O leitor apressado poderia concluir que o Brasil sofre de carência legislativa no âmbito do mercado do futebol, a despeito da novidade representada pela já mencionada Lei da SAF; mas não é disso que se trata. As considerações da consultoria, pelo que se depreende, referem-se, na verdade, à falta de regulação no plano esportivo, portanto, da própria atividade empresarial (que vem a ser a futebolística).

Isto porque, ao contrário de alguns países europeus, que não se ocuparam da legislação do mercado do futebol, e de outros que seguiram modelos relativamente simplistas e dirigidos a uma determinada natureza de problema, o Brasil instituiu uma legislação sem precedentes, para formação de um ambiente sustentável, que já produz efeitos após pouco tempo de existência.

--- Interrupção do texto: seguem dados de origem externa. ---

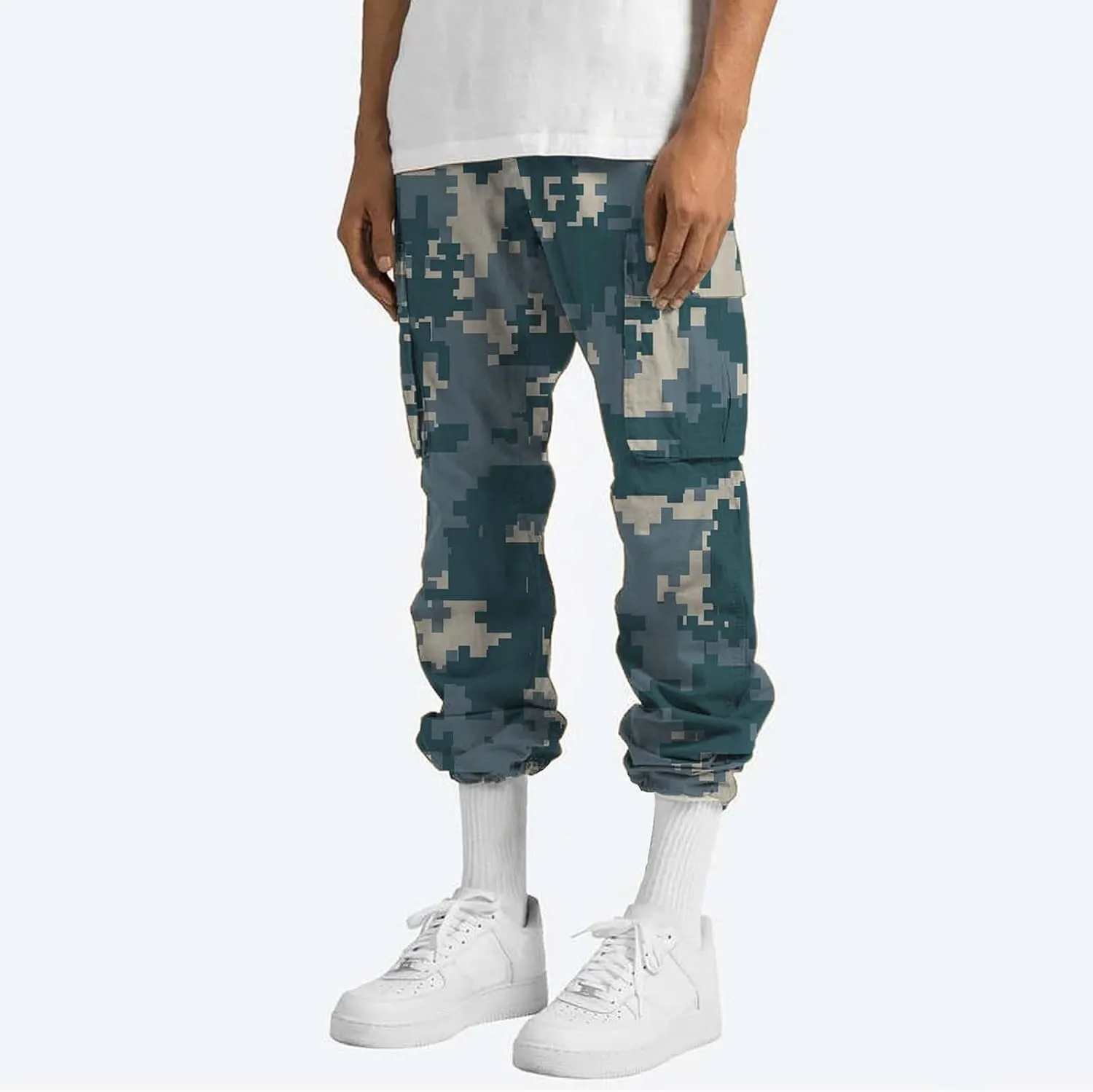Mens Cargo Pants Slim Fit Men's Wild Cargo Pants Casual Joggers Sweatpants Outdoor Waterproof Hiking Work Pants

Além disso, está em curso, no Senado Federal, uma proposta de reforma pontual da Lei da SAF, de autoria do Presidente da Casa, Rodrigo Pacheco (PSD/MG), que, uma vez consumada, reforçará a segurança sistêmica. Não se revela, por aqui, uma ineficiência no plano legislativo; ao contrário.

A matéria, porém, voluntária ou involuntariamente, joga luz sobre o tema que esta coluna passou a abordar desde a semana passada: a necessidade de regulação infralegal, mas, no caso, do mercado que se está formando para financiar e deter a atividade e os ativos do futebol - abrangência distinta, portanto, da atividade profissional de prática esportiva.

Para isso, a regulação (infralegal) deve, sim, se estender ao mercado do futebol, a partir do chassi inaugurado pela Lei da SAF, de modo a fomentar o desenvolvimento do setor e definir padrões de conduta que, ao cabo, protegerão, direta ou indiretamente, torcedores, clubes e os próprios investidores.

A história oferece alguns elementos de referência, como a regulação por intermédio de agências, que tiveram origem nos Estados Unidos da América, no século XIX, para organizar setores que, dentre outros aspectos, se sujeitavam à concorrência predatória e ao desperdício de inciativas ou recursos. Décadas depois, sob a presidência de Franklin D. Roosevelt, as agências regulatórias independentes foram intensificadas no âmbito de programas que visavam, a um só tempo, retomar o desenvolvimento do país, após a grande crise do final da década de 20 e início da de 30, evitar distorções de mercado e neutralizar a influência de grupos de interesses sobre a política de setores essenciais e estratégicos.

Tal caminho influenciou outras legislações. As modernas agências ou agências independentes, no Brasil, passaram a ter papel relevante a partir do Programa Nacional de Desestatização, nos anos 1990. Pretendia-se, ali, estimular a transferência à iniciativa privada de atividades ou serviços outrora monopolizados pelo Estado.

Assim, as agências cumpririam diversas funções, como a de promotora e fiscalizadora dos serviços privatizados. Veja-se, nesse sentido, o que se extrai do sítio eletrônico da Anatel: "A Agência trabalha com o objetivo de promover o desenvolvimento das telecomunicações do País de modo a dotá-lo de uma moderna e eficiente infraestrutura de telecomunicações, capaz de oferecer à sociedade serviços adequados, diversificados e a preços justos, em todo o território nacional".

Mas não apenas para tais fins que elas foram idealizadas. Outros propósitos também as justificaram, como o fomento setorial. A Ancine é um exemplo: foi criada em 2001 para fomentar, regular e fiscalizar o mercado do cinema e do audiovisual.

E não para por aí. Existe, atualmente, iniciativa que pretende a criação de agência nacional para zelar pela integridade do mercado do esporte, voltada à prática esportiva, para torná-la livre de quaisquer influências prejudiciais ao próprio mercado - associada, aliás, à necessária regulação da atividade de apostas.

Todos esses exemplos indicam que o mercado do futebol - que não se confunde com a atividade futebolística -, ambiente em que poupadores, provedores de capital (investidores) e tomadores (sociedades anônimas do futebol) se relacionarão, deve ser olhado como prioritário pelo Estado, a fim de regulá-lo, com o propósito de estabelecer padrões de condutas e evitar distorções que poderão afetar, mais do que consumidores, torcedores, muitas vezes passionais. E, assim, evitar ou diminuir a ocorrência de movimentos predatórios e, no limite, de crises sistêmicas.